Identify Fraud from Enron Email
Project Overview
This project is about using machine learning techniques to indetify persons of interest (POIs) in the Enron dataset. "In 2000, Enron was one of the largest companies in the United States. By 2002, it had collapsed into bankruptcy due to widespread corporate fraud. In the resulting Federal investigation, a significant amount of typically confidential information entered into the public record, including tens of thousands of emails and detailed financial data for top executives." This data will be used in this project to build a person of interest indentifier.
Dataset Exploration
General
The dataset provided by Udacity contains 144 rows (persons) and 21 columns (features). We got dataset that includes way more non-POI's than POI's (12,5% or 18 POIs), which needs to be considered when evaluating the classification algos. If an algo such as POI = False would be deployed the accuracy would already be at 87.5%, but precision at 0%.
Missing Data
Another important note about the dataset is the amount of missing data points which make some of those features not usable in the classifier. Most extreme is loan advanves
with 96% of values missing:
feature | missing values | % missing |
---|---|---|
loan_advances | 139 | 0.965278 |
director_fees | 128 | 0.888889 |
restricted_stock_deferred | 127 | 0.881944 |
deferral_payments | 105 | 0.729167 |
deferred_income | 94 | 0.652778 |
long_term_incentive | 77 | 0.534722 |
bonus | 61 | 0.423611 |
to_messages | 58 | 0.402778 |
shared_receipt_with_poi | 58 | 0.402778 |
from_this_person_to_poi | 58 | 0.402778 |
from_poi_to_this_person | 58 | 0.402778 |
from_messages | 58 | 0.402778 |
other | 52 | 0.361111 |
expenses | 48 | 0.333333 |
salary | 48 | 0.333333 |
exercised_stock_options | 43 | 0.298611 |
restricted_stock | 34 | 0.236111 |
total_payments | 21 | 0.145833 |
total_stock_value | 18 | 0.125000 |
Outliers
There were a four outliers of which two are still included in this dataset. The ones removed were TOTAL and TRAVEL AGENCY IN THE PARK, which are both no natural persons. The ones still inclueded are SKILLING JEFFREY K as well as LAY KENNETH L which have very high payments but were in the center of the fraud and should be included. Also there were two parsing mistakes that needed to be fixed.
Feature selection
Feature engineering
The first hypothesis that came into my mind when thinking about POI identification was: People that interacted a lot with POIs might be POIs as well. There are three measurable interactions with POIs in the dataset: sending, recieving emails as well as sharing a reciept with a POI. So I translated those interactions into ratios of total emails/receipts to know the relative amount of interactions that were done with POIs. While the email ratios are normal distributed the reciept ratio is skewed:
When analysing the impact of those new features compared to their original ones using K-best, sent_to_poi_ratio turned out to have the highest impact of all (score: 13.4, p-value 0%), but all other features performed worse:
Feature benchmarking
I ended up using all features exept the ones I did in the identifier. I started with a set of features selected using the common univariate statistical FPR test for each feature using the standard α = 0.05 cutoff.

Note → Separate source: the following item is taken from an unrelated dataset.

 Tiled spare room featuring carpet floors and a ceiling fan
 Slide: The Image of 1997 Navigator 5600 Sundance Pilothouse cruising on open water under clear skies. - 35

That feature selection performed worse than including all features as seen in the table below. I played around with different combinations but ended up using all of the features included in the original dataset as I did not achive higher precision and recall values.

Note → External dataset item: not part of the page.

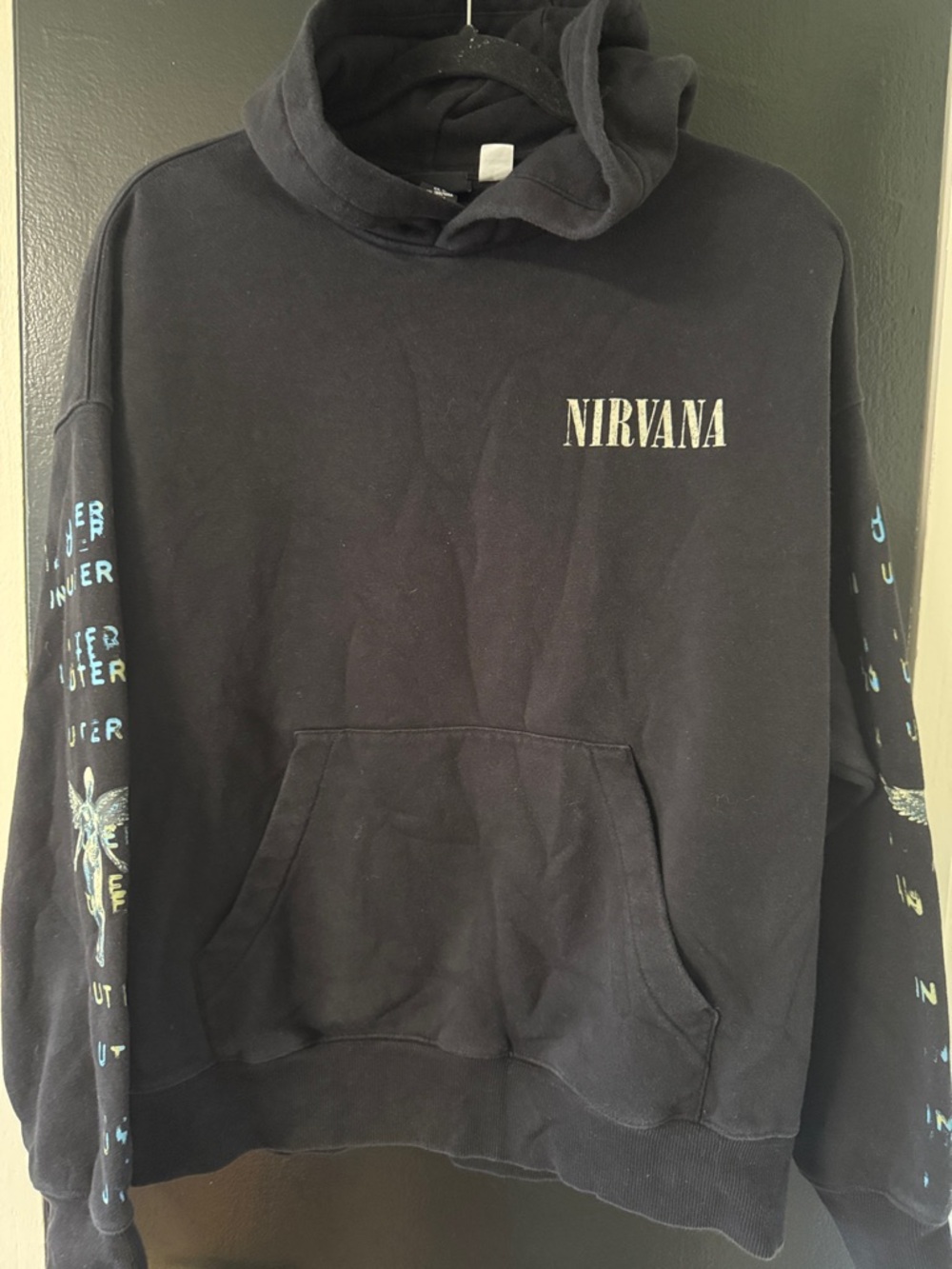 H&M loose-fit Nirvana hoodie, featuring a cotton-blend fabric, lined hood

Algorithm | precision | recall | precision selected features | recall selected features |
---|---|---|---|---|
KMeans | 0.034 | 0.203 | 0.058 | 0.243 |
SVC | 0.313 | 0.625 | 0.228 | 0.494 |
RandomForestClassifier | 0.269 | 0.123 | 0.189 | 0.093 |
Algorithm selection
When running the three selected algorithms on the new features vs. the old ones the old dataset achieved higher precision recall values for KMeans and SVC. As seen below SVC had the highest precision revall values, and performed better on the old dataset which is why I picked that combination.
Algorithm | precision | recall | precision new features | recall new features | △ precision | △ recall |
---|---|---|---|---|---|---|
KMeans | 0.034 | 0.203 | 0.029 | 0.163 | 0.005 | 0.04 |
SVC | 0.313 | 0.625 | 0.272 | 0.615 | 0.041 | 0.01 |
RandomForestClassifier | 0.269 | 0.123 | 0.309 | 0.157 | -0.04 | -0.034 |
I ended up using a Support Vector Machine Classifier after trying K-means Clustering and Random Forest as well. I chose those algorithms as they come from three different approaches to identify patterns which I wanted to try on the dataset.

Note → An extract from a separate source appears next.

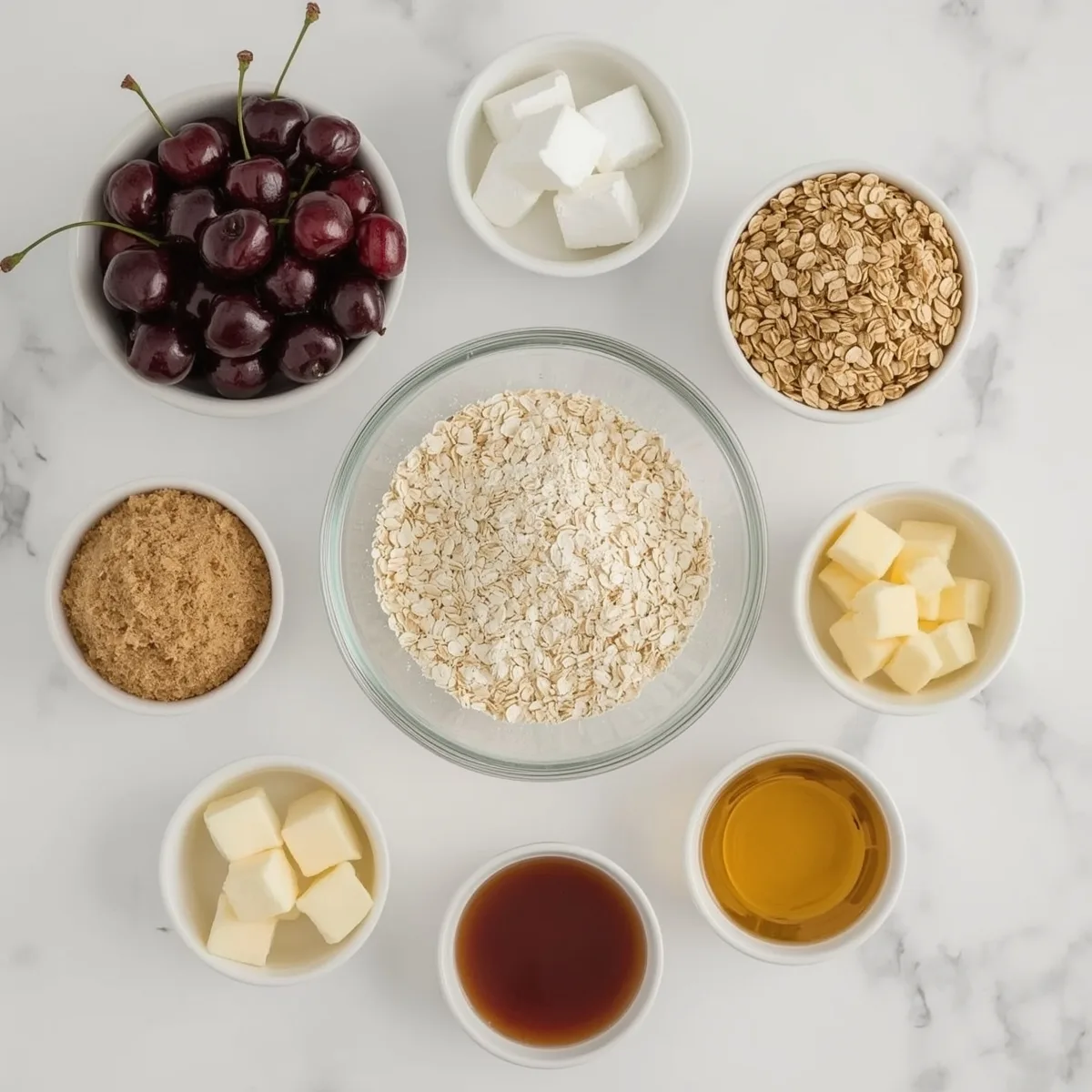 Ingredients arranged for cherry breakfast bars including oats cherries and flour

Algorithm | precision | recall |
---|---|---|
KMeans | 0.025 | 0.147 |
SVC | 0.265 | 0.609 |
Random Forest | 0.312 | 0.160 |
Feature scaling
Log scaling
While plotting the histograms of the features the highly skewed distribution of most of the features could be observed. This is very handy given the amount of missing data. Imputation using the median is appropiate given normal distribtions while it's no good fit for highly skewed data as it will change the distribution curve a lot. Also some models perform better or even require a normal distribution I applied log scaling to the features. Finally the log scaling can easily be reverted using the exponential function no information is lost.
Impute missing values
As mentioned above the missing data was relplaced using the mean, after log scaling the features.
Parameter Tuning
Parameter tuning is about choosing a set of optimal parameters for a learning algorithm. If the parameters are not tuned well the algortihm risks overfitting. After chosing SVC as the algorithm to further tune I first played around with the features selected leading to include all original features in the model as those had the highest natural precision & recall. Then I moved on to optimise parameters gamma (Kernel coefficient) and C (penalty). After reading about them and moving them around to find the optimum I eneded up achiving a precision & recall of over 0.3.
Model Validation
General
"In machine learning, model validation is referred to as the process where a trained model is evaluated with a testing data set. The testing data set is a separate portion of the same data set from which the training set is derived. The main purpose of using the testing data set is to test the generalization ability of a trained model (Alpaydin 2010)." In this dataset validation was done by quantifying the performance of the SVC algorithm based on confusion matrix metrics: precision and recall. The most common mistake done is to overfit the data by choosing a bad validation metric. In this case I chose to ignore accuracy as the enron dataset is highly skewed and accuracy could be achieved by biasing towards non-pois. Given we guess all people being non pois the accuracy would already be at 86%, but precision at 0%.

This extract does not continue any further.